▸ **Aim of the exercise**
Retype exactly the span of lines below from the one with "Bionicles Off-White Plastic" through the one with "Francuski Dassault Rafale.". Do not include pictures.

▸ **Provided records**

——

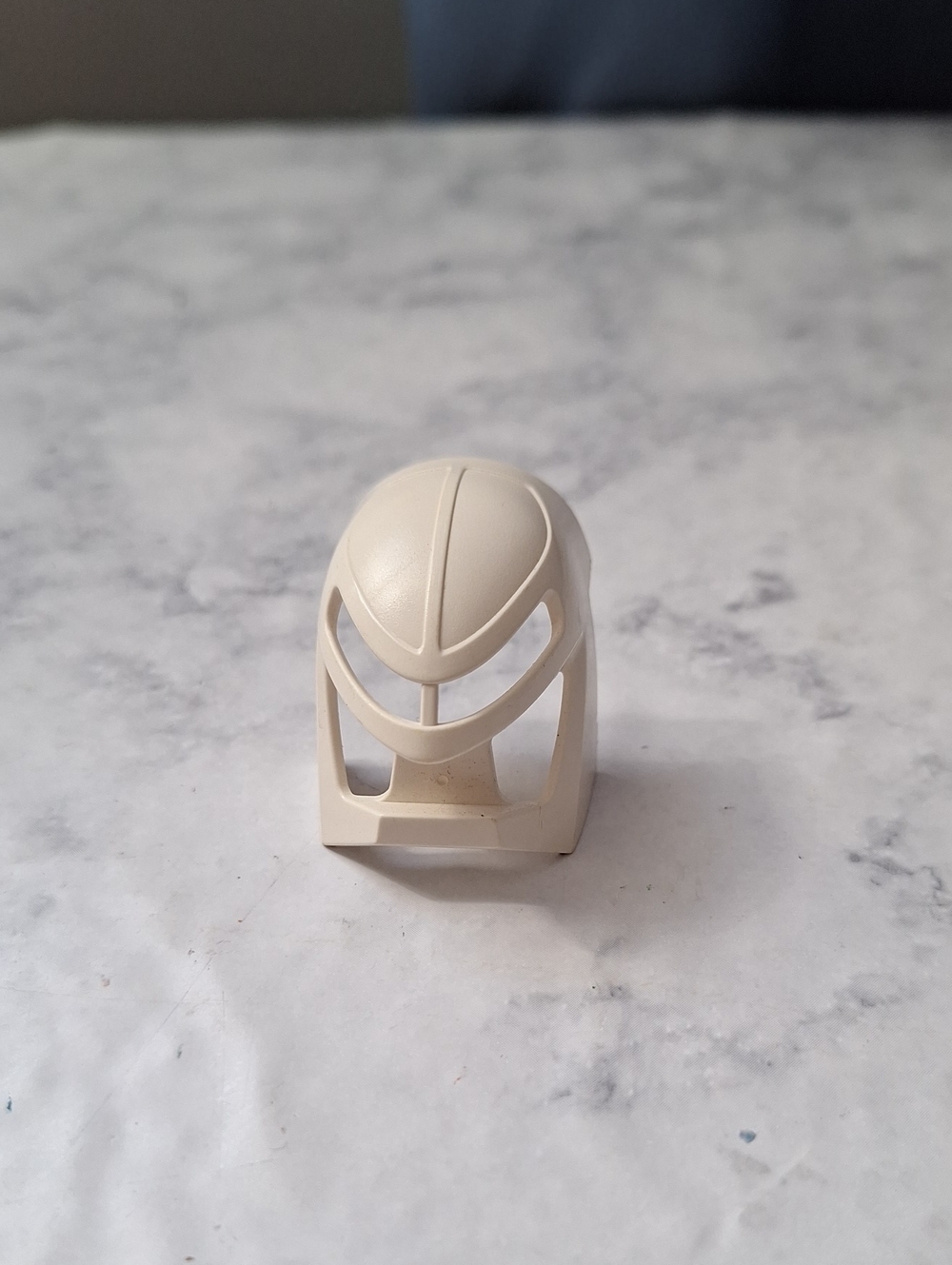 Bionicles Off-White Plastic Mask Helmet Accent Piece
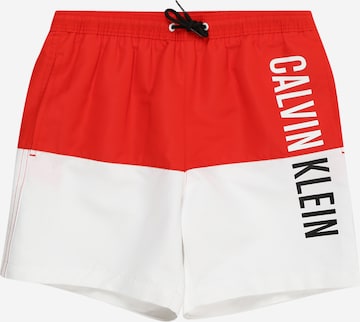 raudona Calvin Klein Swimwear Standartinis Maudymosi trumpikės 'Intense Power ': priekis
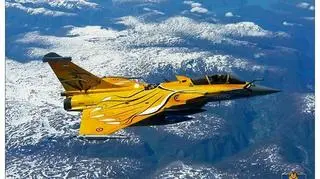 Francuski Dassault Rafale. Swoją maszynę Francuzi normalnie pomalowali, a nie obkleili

——

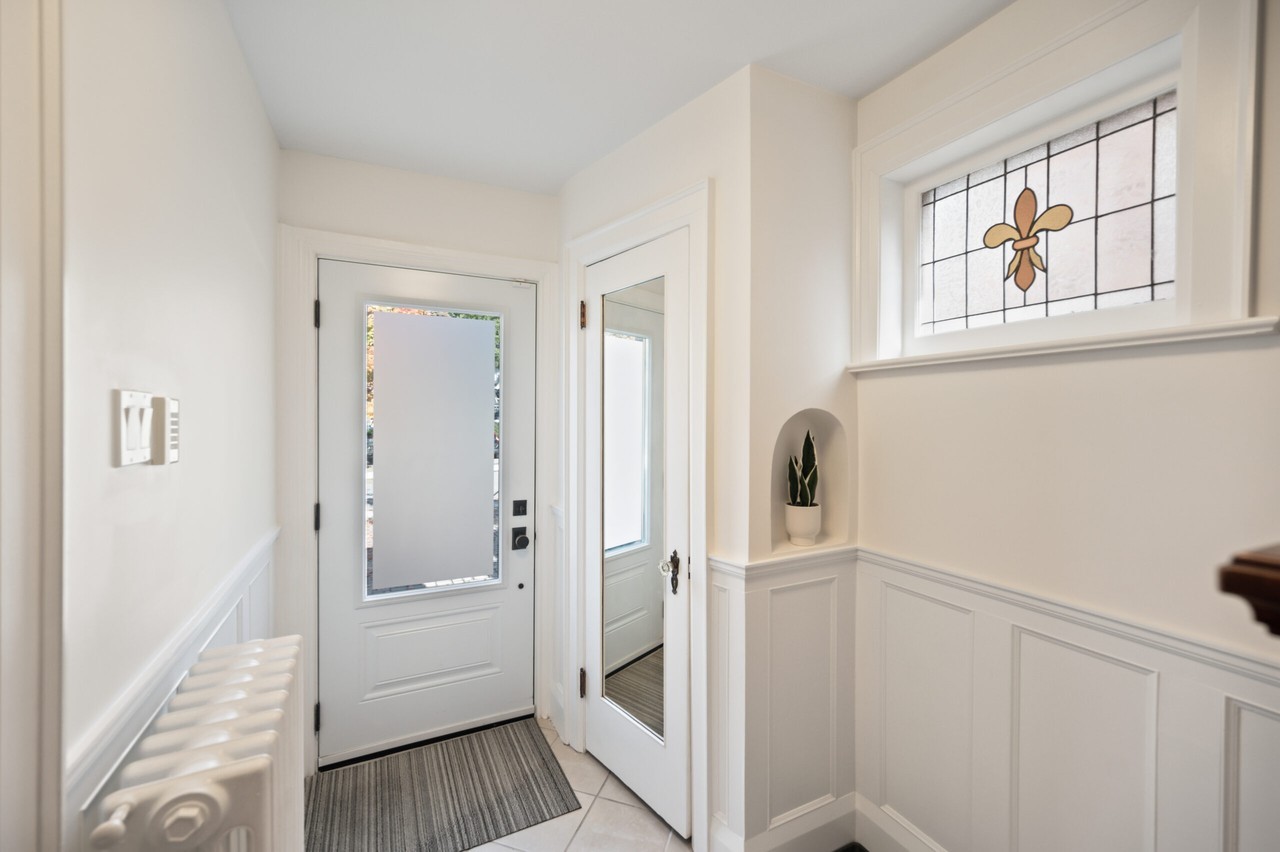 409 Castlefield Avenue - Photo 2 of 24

——

▸ **Output of the task**
 Bionicles Off-White Plastic Mask Helmet Accent Piece
 raudona Calvin Klein Swimwear Standartinis Maudymosi trumpikės 'Intense Power ': priekis
 Francuski Dassault Rafale. Swoją maszynę Francuzi normalnie pomalowali, a nie obkleili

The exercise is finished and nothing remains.